Xaxim Verdadeiro, que velara pela Indiara o dia todo, estava precisada de rede. A uirazinha aceitou o colo, o aconchego materno. Em sonho, visitou o pirarucu no fundo do rio. E lhe contaram, vários peixes alcoviteiros, que o boto-cor-de-rosa tinha ido dançar naquela noite. Algum pai e mãe ficaria chateado. Alguma filha prenhe.
Quem diria, tanta historia de índio guerreiro de Yurupari. Vinha esse, da tribo irmã Uaiá. Filho de cacique de boa índole saiu assim, nefando. Tinha visto a própria figura refletida no rio, apegou-se a ela como se fora Uraci em seu gigante nascimento. Inflado, o índio mangava de Tupã. Em desafio, tirou a vida a vários irmãos, sem razão. Um dia, mais vaidoso que em todos os outros, saiu para pescar. Tupã, no seu direito de aplicar as Leis, instruiu a Iururaruaçu a formar tempestade com raios, aplacando o presunçoso índio. Água, fogo e vento se uniram em tormenta exemplar. Como era de se esperar, o índio virou peixe, gigante e escuro e foi mandado a morar no fundo da água. Inconformado, ainda aterrorizou o rio por muito tempo. No caminho das águas veio a cachoeira das onças, lugar lá longe, nos confins das curvas, onde já viveu gente onça, comedora de gente. Gente não é só ruim. No legado desse mundo cruel ficaram remédios, a imposição das mãos e o jeito silencioso de falar com Tupã.

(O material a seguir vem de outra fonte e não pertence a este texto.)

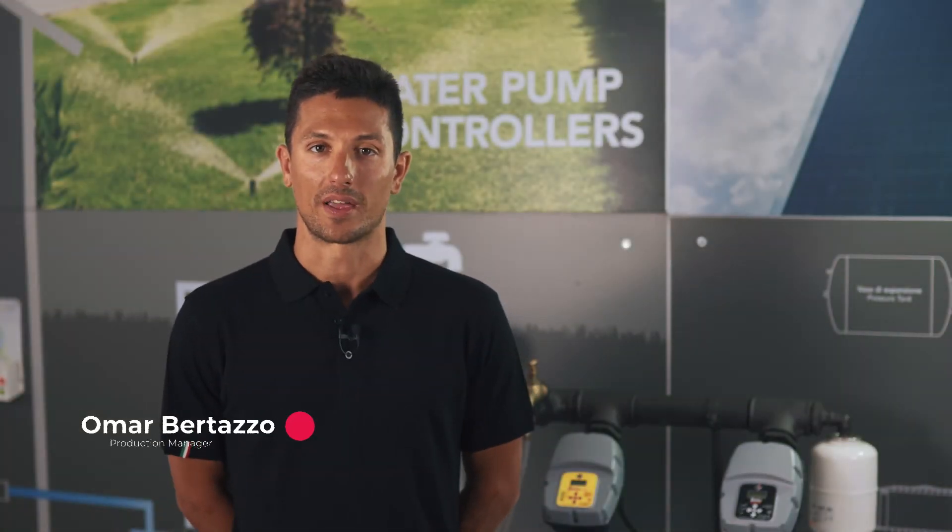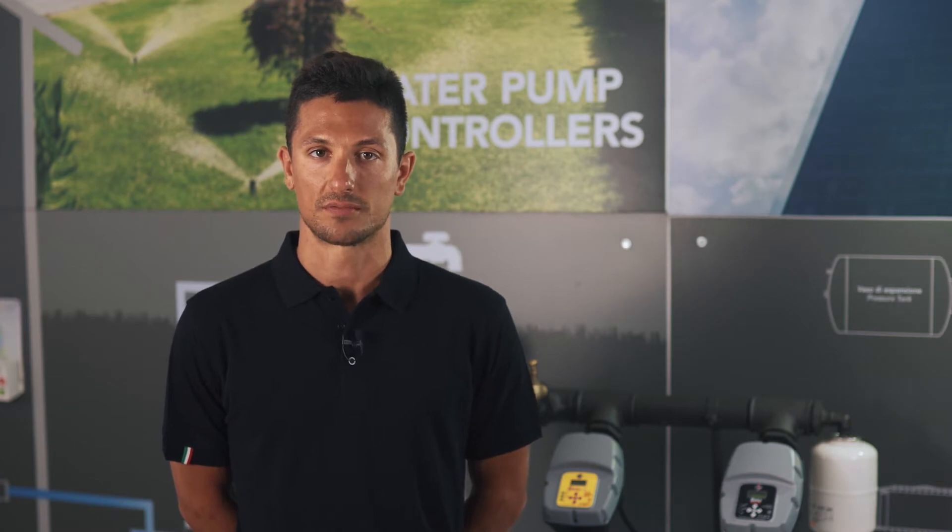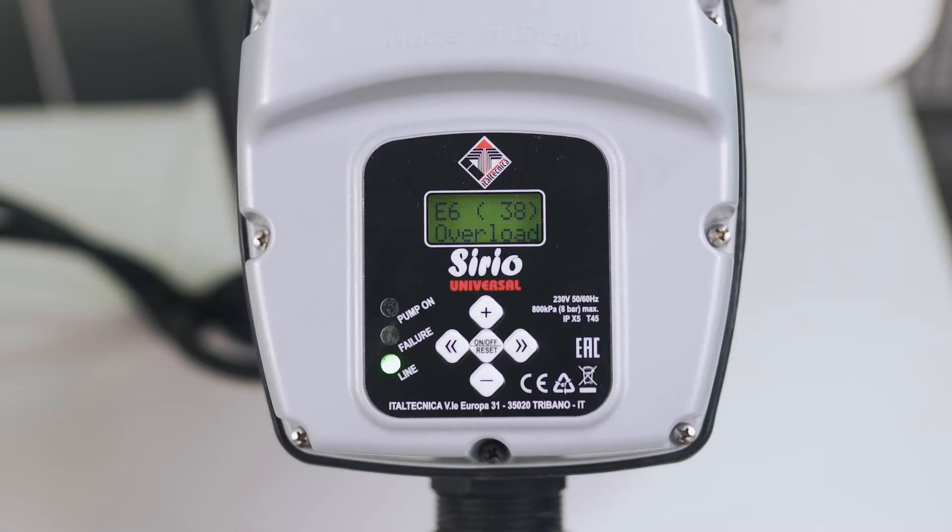Hello to everyone and welcome back to the technical appointment of ItalTechnica products. Today we will check what kind of errors could occur in the Zero Universal and other models. Error E6 Overload.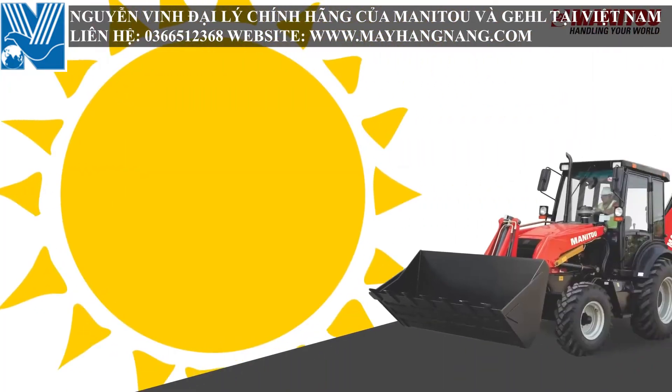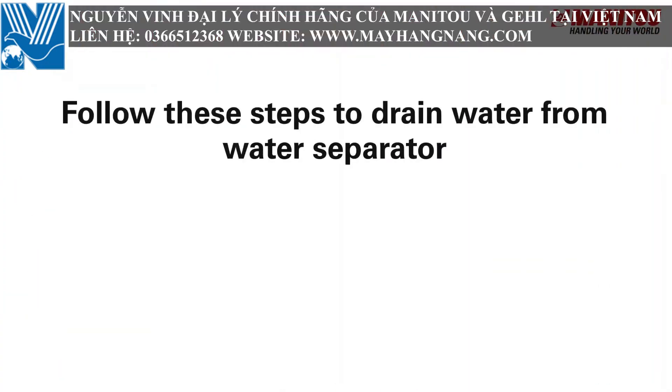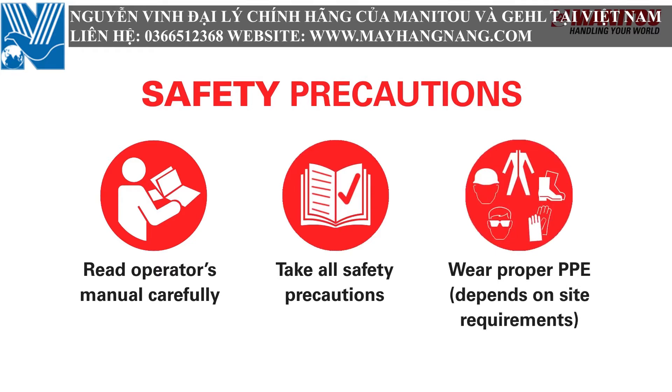This video shows the maintenance of the fuel circuit. Since the summer has started, there are increased chances of fuel injection pump (FIP) failure due to water in diesel. Kindly follow these steps to drain water from the water separator and avoid FIP failure in your machine.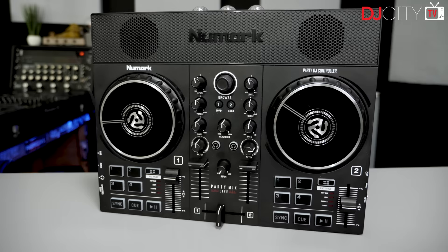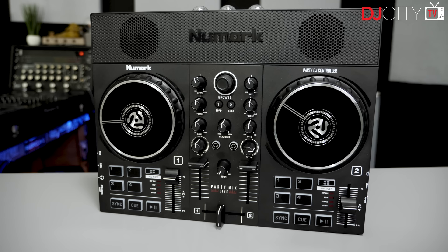Hey everyone, it's Mojax back in the DJ City UK lab. Today we are looking at the Numark Party Mix Live. This is a beginner budget controller which is all about fun — let's get to it.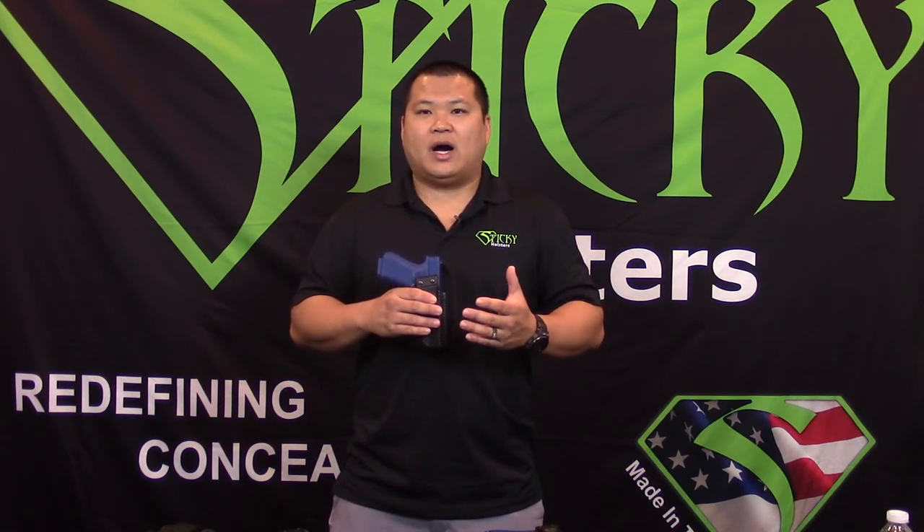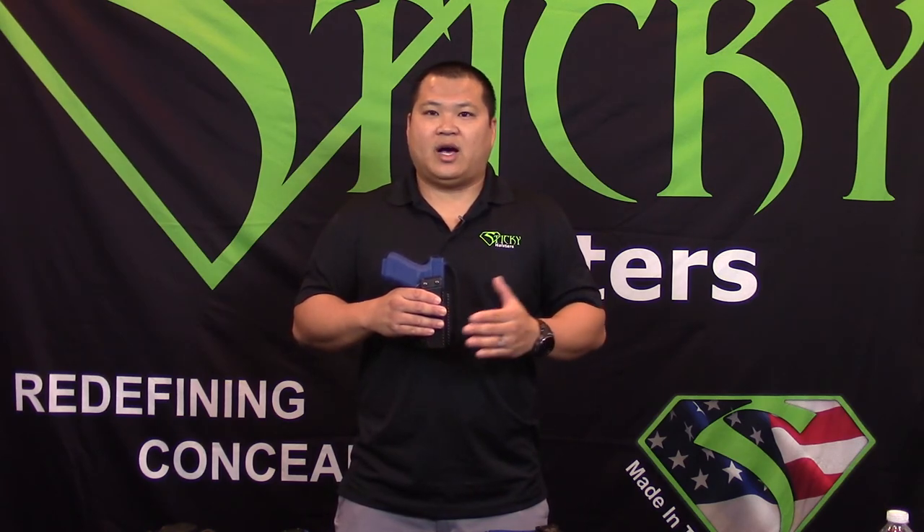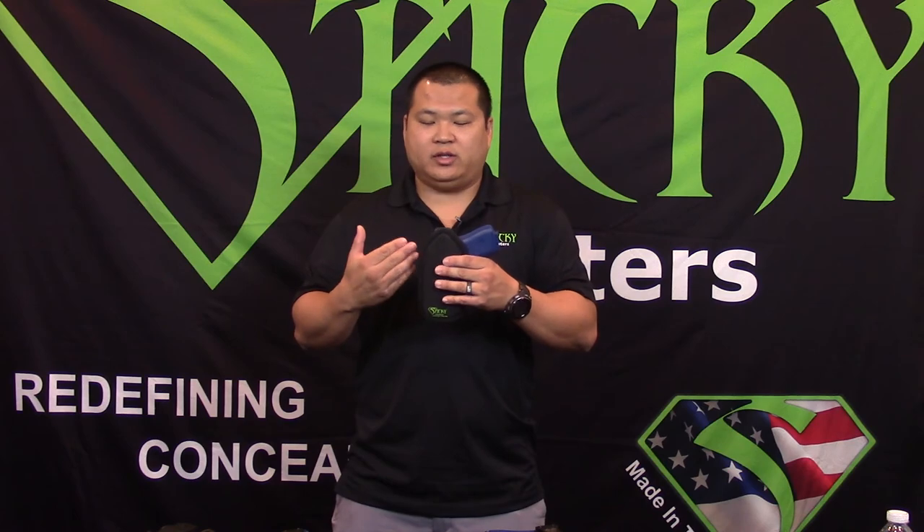The small will fit most pocket style guns, LCP up to like a SIG 365. This is the medium, which fits a Glock 19 very well, so any similar frame guns like a Glock 19.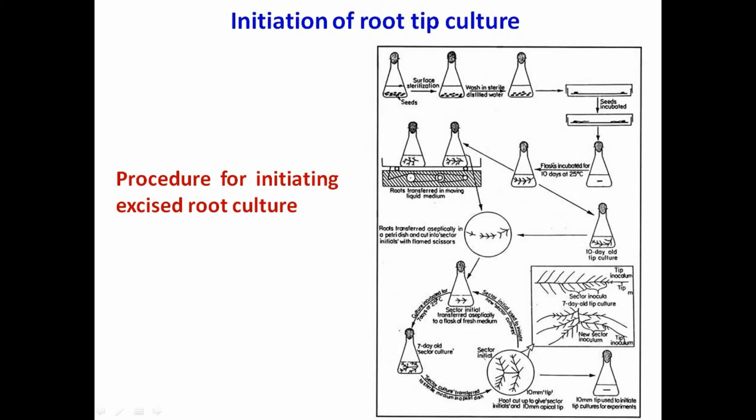Decant the ethanol into the 500 ml beaker and replace with the chlorine solution. Replace the cotton wool plug and leave for 20 minutes. Ensure that the seeds sink in the solution by checking the flask. Then decant the chlorine solution into the beaker and wash the seeds with sterilized distilled water three times.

O ar ficou vazado de estranhas alucinações. Tão pesadas bonitas confusas que ninguém sabe se são as cachaças, as canções, o tangido das cordas dedilhadas, a voz, o olho cego ou a película do tempo espaço, aberta por breve momento, fenda obscura ou azulada, a avisar que muita verdade ainda virá, para aqueles que a consigam compreender. A terra, adocicada por tanto chorar, nutre o ventre lumiar do povo, gera perspectiva.